3 nightmare scenarios for the Seattle Seahawks in 2024

With so many new parts, the Seattle Seahawks could be in for a rough 2024.
Devon Witherspoon of the Seattle Seahawks
Devon Witherspoon of the Seattle Seahawks / Steph Chambers/GettyImages
2 of 3

Seahawks' gambles on backend of the defense don't pay off

12s need to be able to trust the vision of general manager John Schneider and the coaching staff, of course. This is especially true this season because Pete Carroll is no longer in charge of the roster and the team's on-field product.

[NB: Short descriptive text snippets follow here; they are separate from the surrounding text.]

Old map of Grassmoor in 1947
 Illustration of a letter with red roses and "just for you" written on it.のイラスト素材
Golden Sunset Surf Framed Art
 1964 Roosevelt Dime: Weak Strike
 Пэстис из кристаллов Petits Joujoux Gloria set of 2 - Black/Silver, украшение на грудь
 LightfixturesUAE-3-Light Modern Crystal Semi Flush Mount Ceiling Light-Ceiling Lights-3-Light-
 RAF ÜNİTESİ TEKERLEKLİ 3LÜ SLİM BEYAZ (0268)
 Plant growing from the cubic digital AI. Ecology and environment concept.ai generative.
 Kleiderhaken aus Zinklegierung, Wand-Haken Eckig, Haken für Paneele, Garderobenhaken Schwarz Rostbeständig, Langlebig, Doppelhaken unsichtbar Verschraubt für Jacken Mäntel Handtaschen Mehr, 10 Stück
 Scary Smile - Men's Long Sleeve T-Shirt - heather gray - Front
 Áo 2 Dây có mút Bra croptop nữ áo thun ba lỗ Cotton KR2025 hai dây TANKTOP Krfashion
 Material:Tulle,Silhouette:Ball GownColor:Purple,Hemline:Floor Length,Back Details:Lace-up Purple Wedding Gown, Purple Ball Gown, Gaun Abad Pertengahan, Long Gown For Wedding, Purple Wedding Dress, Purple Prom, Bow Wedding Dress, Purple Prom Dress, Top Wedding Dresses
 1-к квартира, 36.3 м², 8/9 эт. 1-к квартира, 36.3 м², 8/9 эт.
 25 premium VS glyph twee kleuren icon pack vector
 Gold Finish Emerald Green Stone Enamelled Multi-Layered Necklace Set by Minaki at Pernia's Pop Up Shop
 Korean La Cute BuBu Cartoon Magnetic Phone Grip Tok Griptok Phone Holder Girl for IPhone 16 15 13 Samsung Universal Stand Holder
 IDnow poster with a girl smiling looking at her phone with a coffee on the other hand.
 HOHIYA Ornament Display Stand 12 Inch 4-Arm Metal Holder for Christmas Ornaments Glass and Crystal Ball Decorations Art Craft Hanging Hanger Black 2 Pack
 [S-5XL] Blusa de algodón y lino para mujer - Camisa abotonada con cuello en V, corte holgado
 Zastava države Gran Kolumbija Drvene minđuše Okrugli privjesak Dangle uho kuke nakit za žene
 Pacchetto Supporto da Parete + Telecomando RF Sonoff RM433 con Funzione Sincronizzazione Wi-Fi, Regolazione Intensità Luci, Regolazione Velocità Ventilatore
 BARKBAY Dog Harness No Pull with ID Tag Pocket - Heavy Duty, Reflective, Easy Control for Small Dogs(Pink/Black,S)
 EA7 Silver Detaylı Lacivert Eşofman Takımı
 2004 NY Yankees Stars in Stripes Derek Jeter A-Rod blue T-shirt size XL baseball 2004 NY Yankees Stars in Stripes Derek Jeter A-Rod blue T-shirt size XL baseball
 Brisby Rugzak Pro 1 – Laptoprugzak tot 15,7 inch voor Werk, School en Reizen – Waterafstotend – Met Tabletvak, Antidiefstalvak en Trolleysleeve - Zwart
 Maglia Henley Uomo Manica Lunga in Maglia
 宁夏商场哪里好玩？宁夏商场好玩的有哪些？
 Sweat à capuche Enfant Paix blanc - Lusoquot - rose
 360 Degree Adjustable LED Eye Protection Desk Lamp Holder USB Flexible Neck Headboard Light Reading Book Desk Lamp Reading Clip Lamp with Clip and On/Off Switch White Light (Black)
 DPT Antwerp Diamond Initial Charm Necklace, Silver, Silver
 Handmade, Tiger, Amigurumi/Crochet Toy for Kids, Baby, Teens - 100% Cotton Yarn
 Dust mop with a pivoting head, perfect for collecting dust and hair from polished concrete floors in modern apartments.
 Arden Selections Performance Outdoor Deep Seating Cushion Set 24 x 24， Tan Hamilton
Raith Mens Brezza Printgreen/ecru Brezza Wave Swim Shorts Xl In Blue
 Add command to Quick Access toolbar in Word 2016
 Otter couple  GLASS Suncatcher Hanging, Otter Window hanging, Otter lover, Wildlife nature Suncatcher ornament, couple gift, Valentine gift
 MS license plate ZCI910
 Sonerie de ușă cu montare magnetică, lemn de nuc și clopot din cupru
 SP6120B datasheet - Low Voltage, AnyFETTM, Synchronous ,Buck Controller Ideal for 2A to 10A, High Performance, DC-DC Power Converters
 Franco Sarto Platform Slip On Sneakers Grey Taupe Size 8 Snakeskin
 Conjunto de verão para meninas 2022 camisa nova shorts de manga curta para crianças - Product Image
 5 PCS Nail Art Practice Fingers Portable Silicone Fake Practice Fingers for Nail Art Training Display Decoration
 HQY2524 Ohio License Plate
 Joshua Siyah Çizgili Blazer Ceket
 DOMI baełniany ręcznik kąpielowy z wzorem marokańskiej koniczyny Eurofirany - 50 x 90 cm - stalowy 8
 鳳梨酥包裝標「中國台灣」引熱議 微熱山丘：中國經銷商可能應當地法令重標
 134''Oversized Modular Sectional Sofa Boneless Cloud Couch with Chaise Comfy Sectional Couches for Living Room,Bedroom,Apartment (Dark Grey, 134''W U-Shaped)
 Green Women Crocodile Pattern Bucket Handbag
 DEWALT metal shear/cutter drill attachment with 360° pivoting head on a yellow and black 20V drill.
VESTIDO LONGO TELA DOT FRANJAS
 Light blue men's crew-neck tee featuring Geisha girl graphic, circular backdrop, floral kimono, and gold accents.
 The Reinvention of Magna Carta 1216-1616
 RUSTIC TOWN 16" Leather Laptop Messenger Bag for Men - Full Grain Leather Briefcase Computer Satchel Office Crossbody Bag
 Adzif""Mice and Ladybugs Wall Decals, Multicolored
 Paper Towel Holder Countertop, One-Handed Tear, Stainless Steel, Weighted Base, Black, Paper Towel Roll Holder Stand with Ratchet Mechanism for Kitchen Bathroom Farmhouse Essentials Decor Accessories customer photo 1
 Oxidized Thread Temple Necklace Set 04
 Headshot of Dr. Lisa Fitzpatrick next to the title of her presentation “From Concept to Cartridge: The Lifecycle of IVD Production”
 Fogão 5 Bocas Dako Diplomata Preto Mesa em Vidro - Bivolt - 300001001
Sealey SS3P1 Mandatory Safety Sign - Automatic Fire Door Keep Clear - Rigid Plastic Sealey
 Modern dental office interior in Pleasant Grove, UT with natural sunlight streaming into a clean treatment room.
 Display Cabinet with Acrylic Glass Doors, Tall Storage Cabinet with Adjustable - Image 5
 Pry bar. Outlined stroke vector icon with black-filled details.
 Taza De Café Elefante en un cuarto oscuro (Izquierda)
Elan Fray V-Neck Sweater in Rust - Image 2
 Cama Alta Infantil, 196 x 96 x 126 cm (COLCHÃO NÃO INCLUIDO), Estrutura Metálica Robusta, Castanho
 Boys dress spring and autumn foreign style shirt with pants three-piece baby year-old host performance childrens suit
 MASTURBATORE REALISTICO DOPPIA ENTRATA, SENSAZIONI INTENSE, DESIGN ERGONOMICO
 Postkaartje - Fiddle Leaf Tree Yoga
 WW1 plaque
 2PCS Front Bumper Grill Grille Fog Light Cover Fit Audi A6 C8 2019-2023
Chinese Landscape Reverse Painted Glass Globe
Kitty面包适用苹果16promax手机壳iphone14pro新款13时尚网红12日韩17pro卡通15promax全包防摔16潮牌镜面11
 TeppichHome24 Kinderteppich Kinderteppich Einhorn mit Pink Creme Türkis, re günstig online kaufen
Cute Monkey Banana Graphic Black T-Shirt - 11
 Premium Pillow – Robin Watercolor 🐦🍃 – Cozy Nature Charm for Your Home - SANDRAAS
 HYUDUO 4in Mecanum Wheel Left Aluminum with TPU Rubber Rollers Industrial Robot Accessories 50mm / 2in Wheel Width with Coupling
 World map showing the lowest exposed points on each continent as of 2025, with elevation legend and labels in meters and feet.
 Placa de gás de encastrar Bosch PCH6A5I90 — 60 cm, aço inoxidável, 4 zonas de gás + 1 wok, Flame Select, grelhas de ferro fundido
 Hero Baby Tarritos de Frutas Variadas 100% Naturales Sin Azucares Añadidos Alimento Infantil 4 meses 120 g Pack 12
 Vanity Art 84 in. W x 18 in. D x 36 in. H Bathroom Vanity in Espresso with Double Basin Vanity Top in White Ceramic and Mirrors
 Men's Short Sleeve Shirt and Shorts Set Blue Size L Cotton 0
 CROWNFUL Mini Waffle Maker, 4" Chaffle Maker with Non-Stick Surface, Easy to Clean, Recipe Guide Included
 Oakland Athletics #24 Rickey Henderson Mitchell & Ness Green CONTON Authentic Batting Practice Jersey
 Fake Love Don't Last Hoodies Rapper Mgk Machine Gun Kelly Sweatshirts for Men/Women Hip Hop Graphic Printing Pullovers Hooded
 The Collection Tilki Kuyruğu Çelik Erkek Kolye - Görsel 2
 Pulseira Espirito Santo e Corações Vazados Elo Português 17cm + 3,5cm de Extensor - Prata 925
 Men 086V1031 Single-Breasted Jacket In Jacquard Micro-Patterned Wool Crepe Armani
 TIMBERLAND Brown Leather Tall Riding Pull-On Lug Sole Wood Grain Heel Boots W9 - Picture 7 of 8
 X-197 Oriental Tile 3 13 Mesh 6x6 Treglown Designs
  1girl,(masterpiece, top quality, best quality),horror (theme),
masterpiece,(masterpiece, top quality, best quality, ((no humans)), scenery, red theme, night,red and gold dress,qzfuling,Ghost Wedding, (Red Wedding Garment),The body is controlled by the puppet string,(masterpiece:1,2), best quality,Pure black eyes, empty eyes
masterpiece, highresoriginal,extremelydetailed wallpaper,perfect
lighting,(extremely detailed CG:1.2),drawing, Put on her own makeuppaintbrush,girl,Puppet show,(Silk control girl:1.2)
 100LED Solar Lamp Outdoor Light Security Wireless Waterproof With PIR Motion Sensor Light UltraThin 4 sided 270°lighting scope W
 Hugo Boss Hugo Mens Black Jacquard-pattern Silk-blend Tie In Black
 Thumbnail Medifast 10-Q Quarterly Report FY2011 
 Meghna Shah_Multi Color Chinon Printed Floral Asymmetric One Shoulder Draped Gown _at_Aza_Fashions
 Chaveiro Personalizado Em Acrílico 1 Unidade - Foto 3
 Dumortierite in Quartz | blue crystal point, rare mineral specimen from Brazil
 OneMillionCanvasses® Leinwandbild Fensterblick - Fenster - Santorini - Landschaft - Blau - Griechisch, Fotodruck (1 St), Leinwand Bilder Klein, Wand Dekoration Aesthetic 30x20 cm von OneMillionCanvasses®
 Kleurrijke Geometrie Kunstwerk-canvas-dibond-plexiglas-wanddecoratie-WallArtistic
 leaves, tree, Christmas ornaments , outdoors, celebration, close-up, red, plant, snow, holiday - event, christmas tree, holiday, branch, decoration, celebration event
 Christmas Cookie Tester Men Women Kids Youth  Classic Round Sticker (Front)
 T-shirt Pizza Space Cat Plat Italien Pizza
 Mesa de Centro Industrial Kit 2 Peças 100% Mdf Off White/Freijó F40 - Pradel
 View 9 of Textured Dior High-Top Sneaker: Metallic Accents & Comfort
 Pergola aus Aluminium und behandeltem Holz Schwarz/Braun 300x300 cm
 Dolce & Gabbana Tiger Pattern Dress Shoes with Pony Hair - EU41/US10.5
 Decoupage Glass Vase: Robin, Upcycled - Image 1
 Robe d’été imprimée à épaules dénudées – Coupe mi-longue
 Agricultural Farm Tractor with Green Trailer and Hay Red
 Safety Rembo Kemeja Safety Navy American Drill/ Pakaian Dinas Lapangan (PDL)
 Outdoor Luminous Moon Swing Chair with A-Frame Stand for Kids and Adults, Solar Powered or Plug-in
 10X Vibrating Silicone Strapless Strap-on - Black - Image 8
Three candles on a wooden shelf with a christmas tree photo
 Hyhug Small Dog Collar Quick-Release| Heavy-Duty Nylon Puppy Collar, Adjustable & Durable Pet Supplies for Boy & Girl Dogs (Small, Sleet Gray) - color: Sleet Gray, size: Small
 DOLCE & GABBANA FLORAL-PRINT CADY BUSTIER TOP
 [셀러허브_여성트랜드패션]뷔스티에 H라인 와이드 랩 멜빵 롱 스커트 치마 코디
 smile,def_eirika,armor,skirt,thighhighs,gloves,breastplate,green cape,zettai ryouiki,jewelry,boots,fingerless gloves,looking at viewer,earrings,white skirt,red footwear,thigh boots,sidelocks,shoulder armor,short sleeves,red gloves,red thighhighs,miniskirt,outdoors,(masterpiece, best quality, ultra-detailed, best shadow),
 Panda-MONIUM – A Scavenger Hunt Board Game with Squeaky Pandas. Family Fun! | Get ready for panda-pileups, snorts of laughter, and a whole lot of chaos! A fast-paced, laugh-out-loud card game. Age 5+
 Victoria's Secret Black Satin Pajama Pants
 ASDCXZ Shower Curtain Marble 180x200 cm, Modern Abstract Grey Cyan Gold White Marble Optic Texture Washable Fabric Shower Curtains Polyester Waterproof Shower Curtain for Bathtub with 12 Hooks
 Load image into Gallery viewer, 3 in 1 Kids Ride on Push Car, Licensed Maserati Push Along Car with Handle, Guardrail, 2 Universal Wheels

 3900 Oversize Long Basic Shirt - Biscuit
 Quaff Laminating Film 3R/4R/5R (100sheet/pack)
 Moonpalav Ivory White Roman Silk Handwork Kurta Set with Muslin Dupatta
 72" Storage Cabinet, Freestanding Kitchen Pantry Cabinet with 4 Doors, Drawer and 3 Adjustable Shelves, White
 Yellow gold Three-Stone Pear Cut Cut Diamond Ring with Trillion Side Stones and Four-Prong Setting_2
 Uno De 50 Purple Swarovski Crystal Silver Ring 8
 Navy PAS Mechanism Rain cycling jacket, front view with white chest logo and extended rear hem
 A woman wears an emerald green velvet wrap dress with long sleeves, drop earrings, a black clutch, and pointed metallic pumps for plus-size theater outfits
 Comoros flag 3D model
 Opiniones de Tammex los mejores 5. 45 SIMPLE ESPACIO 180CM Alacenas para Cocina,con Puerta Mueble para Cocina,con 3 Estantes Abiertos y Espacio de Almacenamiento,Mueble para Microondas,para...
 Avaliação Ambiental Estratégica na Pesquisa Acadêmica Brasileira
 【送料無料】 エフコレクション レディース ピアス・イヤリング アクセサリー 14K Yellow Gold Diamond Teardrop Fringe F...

With Carroll, the team and fans knew what to expect - good or bad. 12s could assume Seattle would take a certain player in the draft or have the same tendencies on defense.

The defense should definitely look different in 2024. Mike Macdonald's scheme is designed to allow for good linebacker coverage, something that the Seahawks have not had the last several years, and for safeties to be interchangeable and versatile. The plan works and we saw it work with the Baltimore Ravens the last two seasons. Baltimore also had good players that made the scheme work.

This offseason, Seattle let linebackers Bobby Wagner and Jordyn Brooks leave in free agency, and the team waived Quandre Diggs and Jamal Adams. To replace them Seattle brought in linebackers Jerome Baker and Tyrel Dodson and safeties Rayshawn Jenkins and K'Von Wallace. Especially with the linebackers, Seattle is taking a big chance that the players will be a bit better than their career numbers imply.

Dodson was very good in 2023, his first year being given a chance to start many games, but he missed 17 percent of his tackle attempts in his first two seasons. His two passes broken up last year were his first since 2020. He could be a mediocre player for Seattle in 2024 while being the green dot on the defense.

Safety Jenkins has always been an inconsistent tackler. He whiffed on 10.8 percent of his tackle attempts last year, a decent number, but missed 17.6 percent of the time in 2022. Seahawks fans saw Seattle miss far too many missed tackles in the last couple of years, and Jenkins might not help fix that problem.